[Guest]

How many prime numbers

that are less than a billion

have a digit sum

that is a prime number

that is less than

the sum of the digits

of the number of factors

of a googol?

Edited November 7, 2009 by xamdam

[Guest]

wow.

i am a bit drunk so shall get back to you with the correcto answer shortly

[Guest]

3 - (2,3,101)

Number of factors in a googol... A googol is 10¹⁰⁰. 1 is a factor. Every power of 10 up to 100 is also a factor. For each power of 10 there is another power of 2 and 5.

Therefore I count 301 factors. The digit sum of this is 4. So the prime number that is the digit sum of our number must either be 3 or 2. If the digit sum was 3 then it wouldn't be prime with the exception of 3 itself. So we are looking for numbers less than a billion that have a digit sum of 2. It cannot be even , except 2, so it must end and start in a 1. 101 is the only such number less than a billion that is prime.

[Guest]

if 101 is less than a billion and equals two than wouldn't 1001, 10001, 100001....?

3 - (2,3,101)

Number of factors in a googol... A googol is 10¹⁰⁰. 1 is a factor. Every power of 10 up to 100 is also a factor. For each power of 10 there is another power of 2 and 5.

Therefore I count 301 factors. The digit sum of this is 4. So the prime number that is the digit sum of our number must either be 3 or 2. If the digit sum was 3 then it wouldn't be prime with the exception of 3 itself. So we are looking for numbers less than a billion that have a digit sum of 2. It cannot be even , except 2, so it must end and start in a 1. 101 is the only such number less than a billion that is prime.

Edited November 7, 2009 by txmom2

[Guest]

3 - (2,3,101)

Number of factors in a googol... A googol is 10¹⁰⁰. 1 is a factor. Every power of 10 up to 100 is also a factor. For each power of 10 there is another power of 2 and 5.

Therefore I count 301 factors. The digit sum of this is 4. So the prime number that is the digit sum of our number must either be 3 or 2. If the digit sum was 3 then it wouldn't be prime with the exception of 3 itself. So we are looking for numbers less than a billion that have a digit sum of 2. It cannot be even , except 2, so it must end and start in a 1. 101 is the only such number less than a billion that is prime.

I think I disagree with the number of factors you found for a googol.
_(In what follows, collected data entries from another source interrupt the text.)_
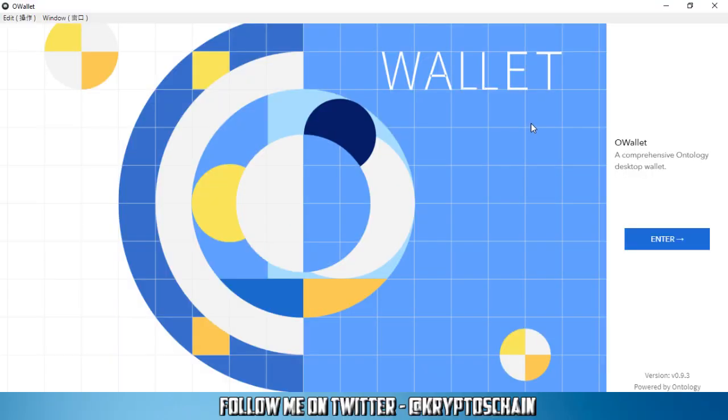Hello and welcome, this is Cryptoshchain with Simple Cryptocurrency Demos. In this demo I'm going to show you the OWallet, which is the official wallet by Ontology. Once you download it from their GitHub page, which I'm going to post in a pinned comment at the end of this video, you should be welcomed with this exact screen that you're seeing here.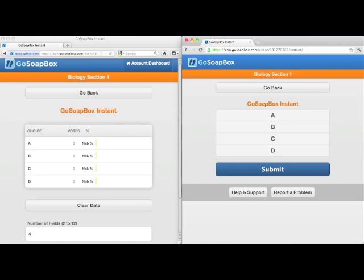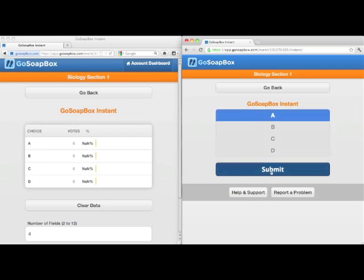As a student, when I enter the instant polling tool, I see a series of letters corresponding to the number of fields, and I can simply choose which response I'd like to submit.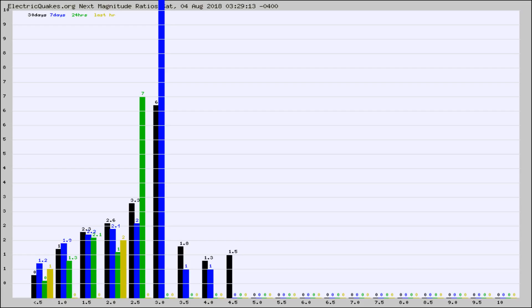Again, the black column is 30 days, blue is 7, green is 24 hours, and gold is in the last hour.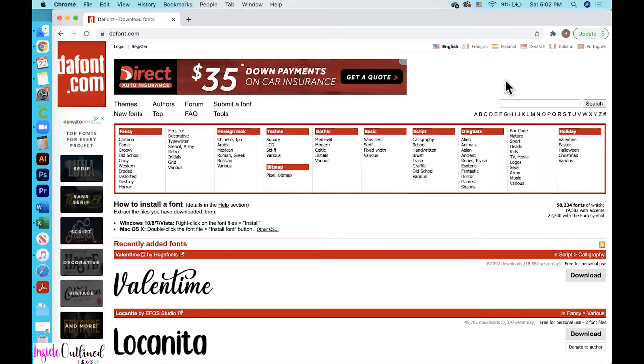Hi guys, so in this video I will be showing you how to download fonts from dafont.com, how to download them to your computer and then upload them to Cricut Design Space.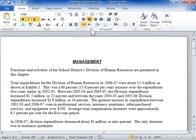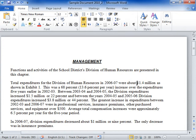This tutorial covers displaying and entering the Euro and other currency symbols in Word 2010. Click where the symbol is to be inserted, then click the Insert tab.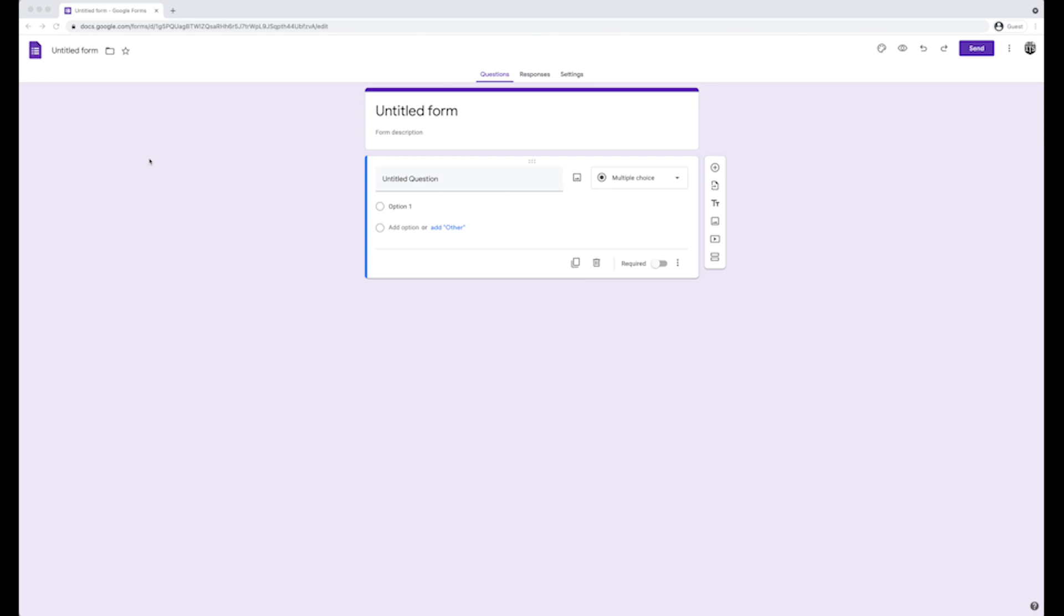Welcome to your new Google Form. On the top left, you will find the title of your form. To change the title, click on the untitled form text, highlight all the text, and enter your new title.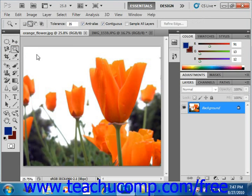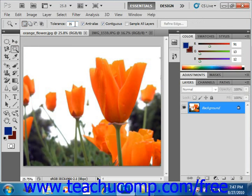Now up in the options bar, you set your standard selection options, including what type of selection you want to make. In this case, we want to create a new selection. Then you can also set the tolerance using this checkbox right here. You enter a value anywhere from 0 to 255 into this box. A lower number will select colors in the image that are very similar to the pixels that you click. A higher number will select a broader range of similar colored pixels in the image.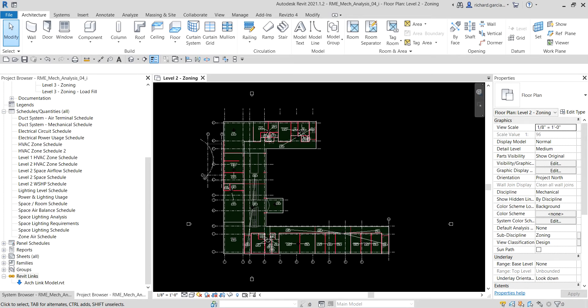What's up guys, Learning with Rich here. We are now on the last part of planning the mechanical systems. So far we've learned how to prepare spaces, place spaces in an open area, multiple level space, place zones, work with the analytical model, analyze heating and cooling loads, and create a zone color scheme.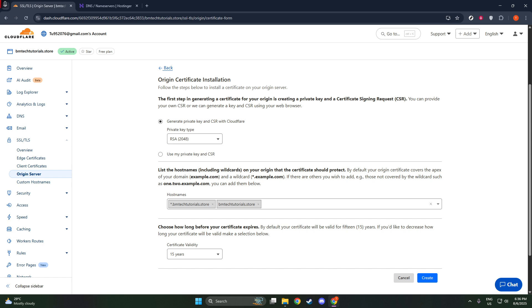Thanks for watching, and I hope this guide was helpful in setting up your Cloudflare SSL certificate. If you have any questions or need further assistance, feel free to reach out or leave a comment. Stay secure, and I'll see you in the next video.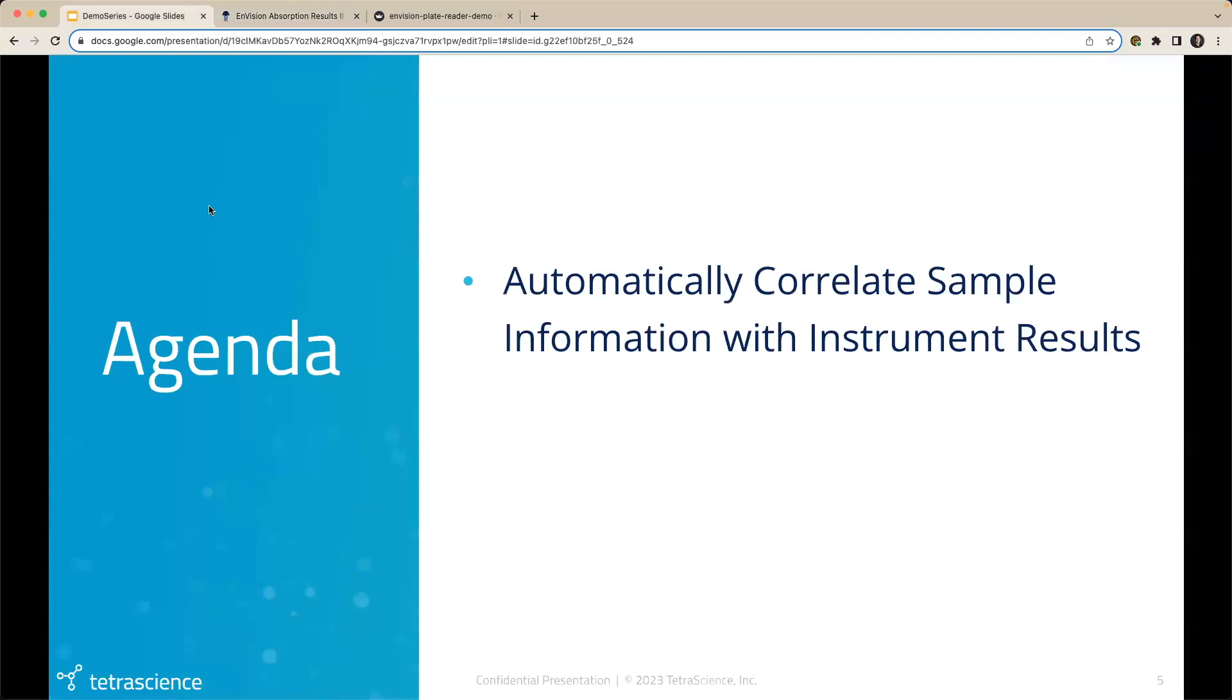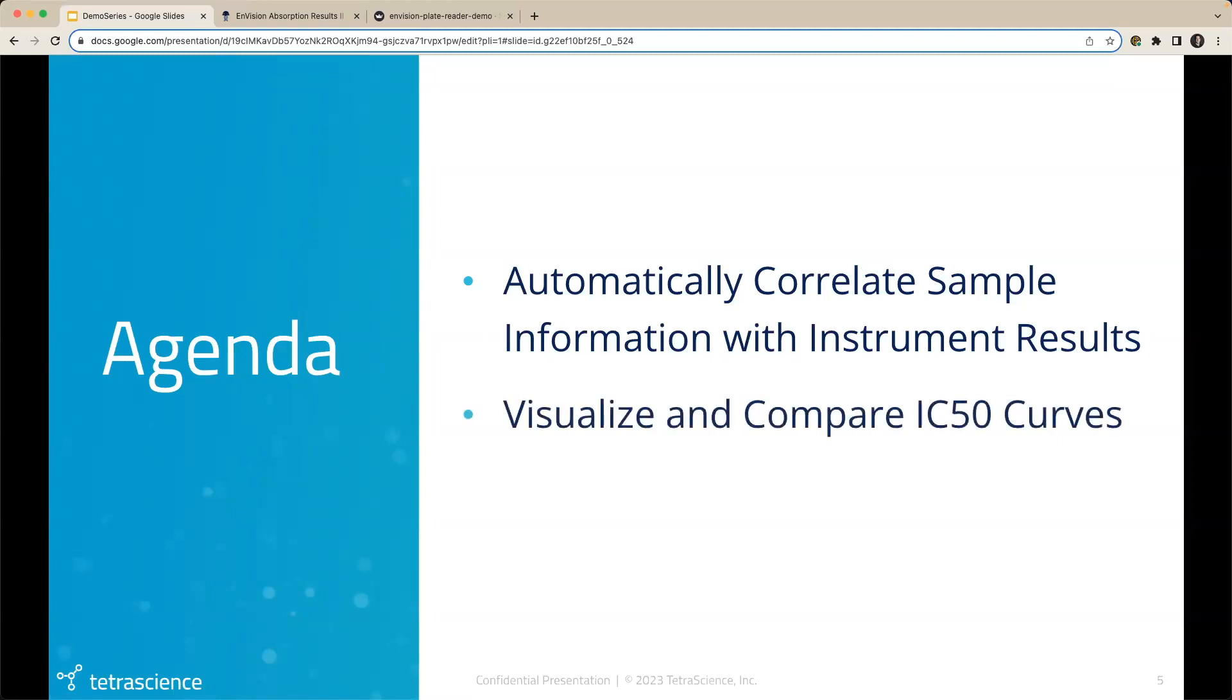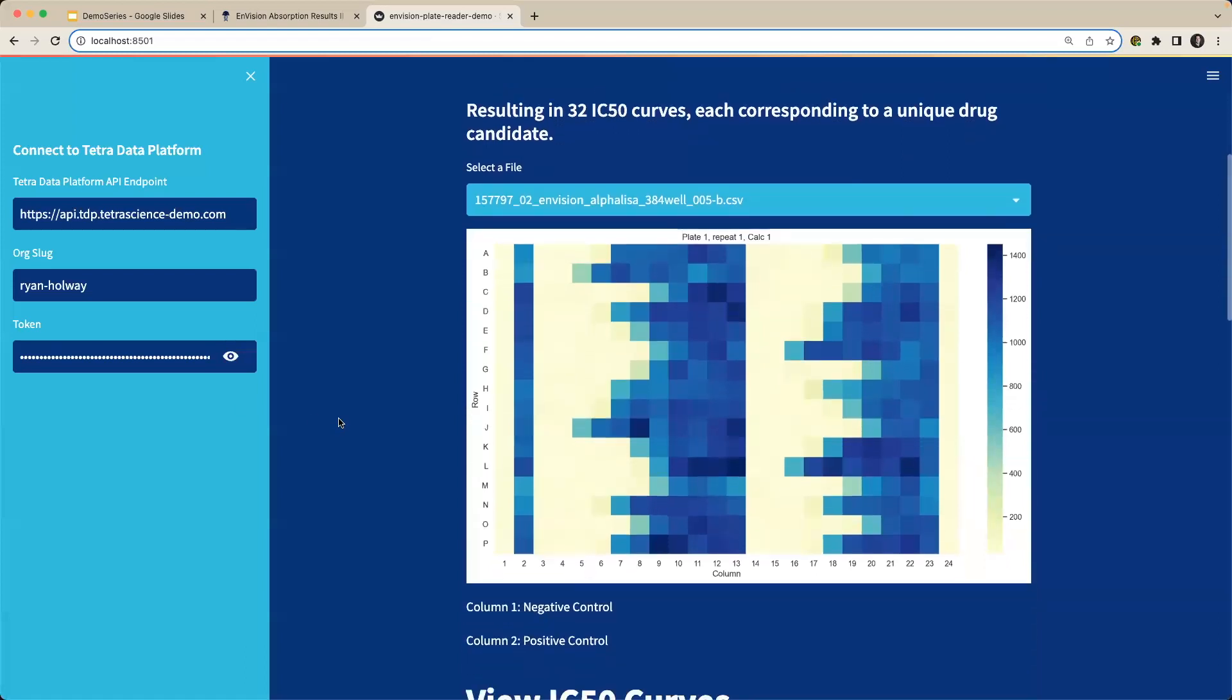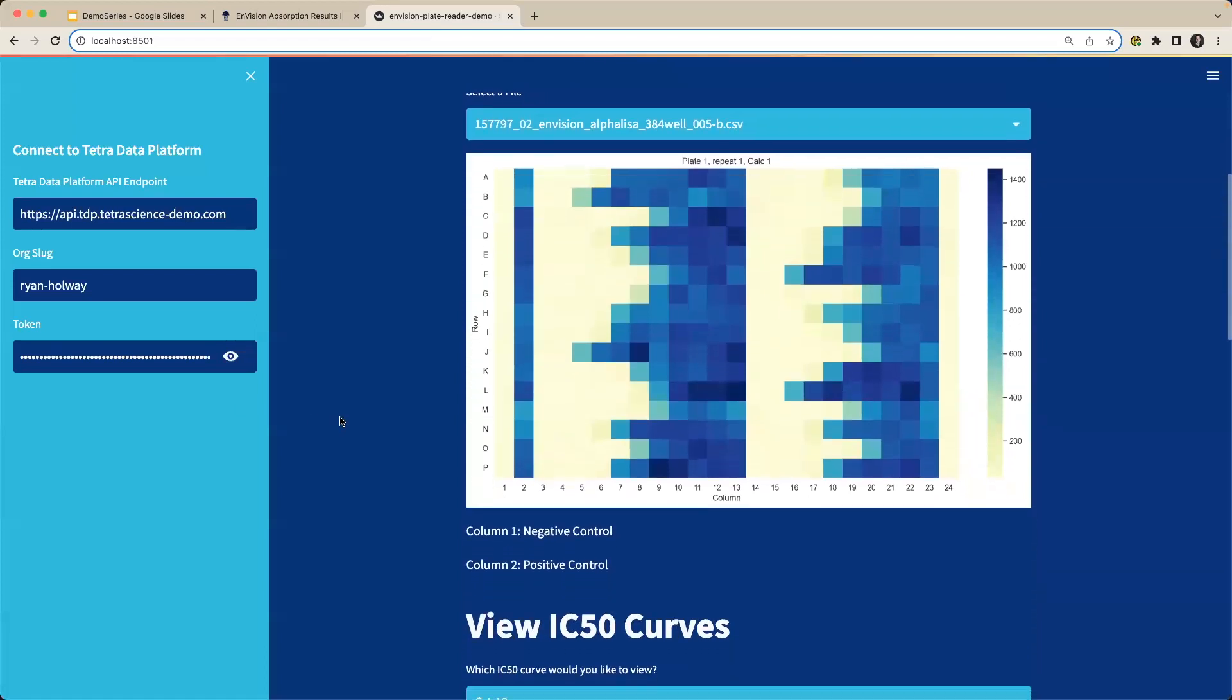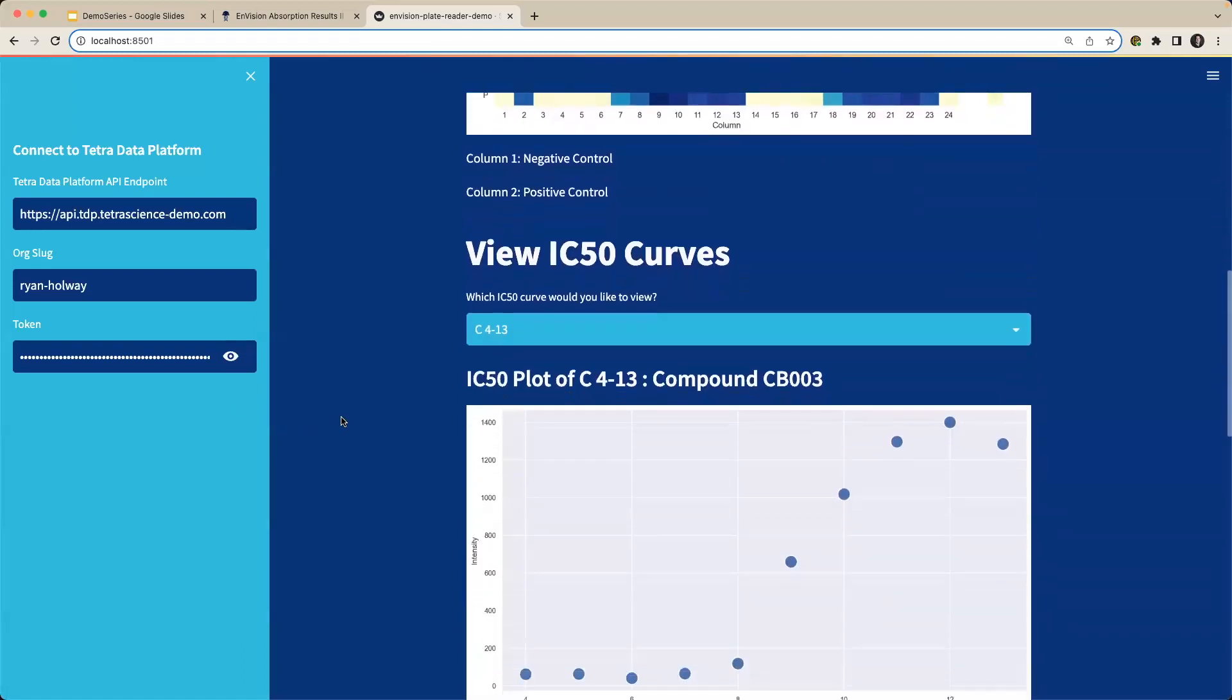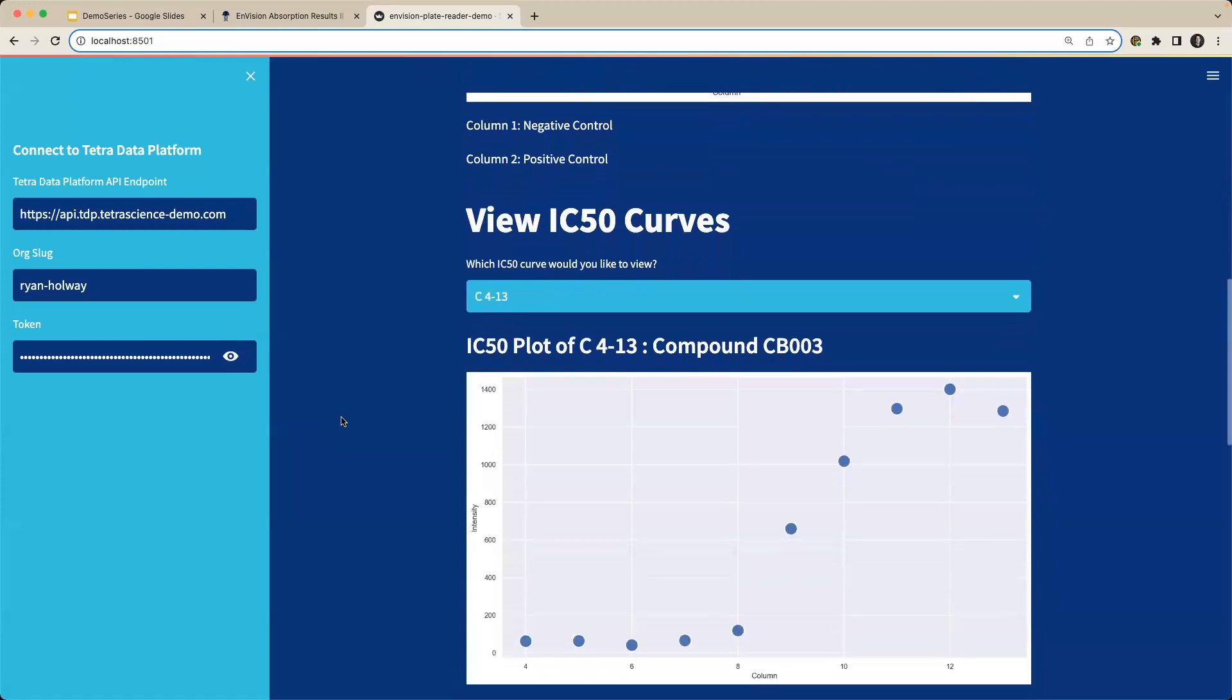Then, we'll see how those plate reader results can be visualized and compared against each other. This is an application we built to view our plate reader data as a heat map, as well as select and view IC50 curves to analyze, which I'll discuss more momentarily.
For example, does your analysis include 20 as a factor? I count 10201 factors.

[Guest]

10201 factors. But the rest of my answer should still be correct.

[Guest]

3 - (2,3,101)

Number of factors in a googol... A googol is 10¹⁰⁰. 1 is a factor. Every power of 10 up to 100 is also a factor. For each power of 10 there is another power of 2 and 5.

Therefore I count 301 factors. The digit sum of this is 4. So the prime number that is the digit sum of our number must either be 3 or 2. If the digit sum was 3 then it wouldn't be prime with the exception of 3 itself. So we are looking for numbers less than a billion that have a digit sum of 2. It cannot be even , except 2, so it must end and start in a 1. 101 is the only such number less than a billion that is prime.

11? Prime and sum is 2

if 101 is less than a billion and equals two than wouldn't 1001, 10001, 100001....?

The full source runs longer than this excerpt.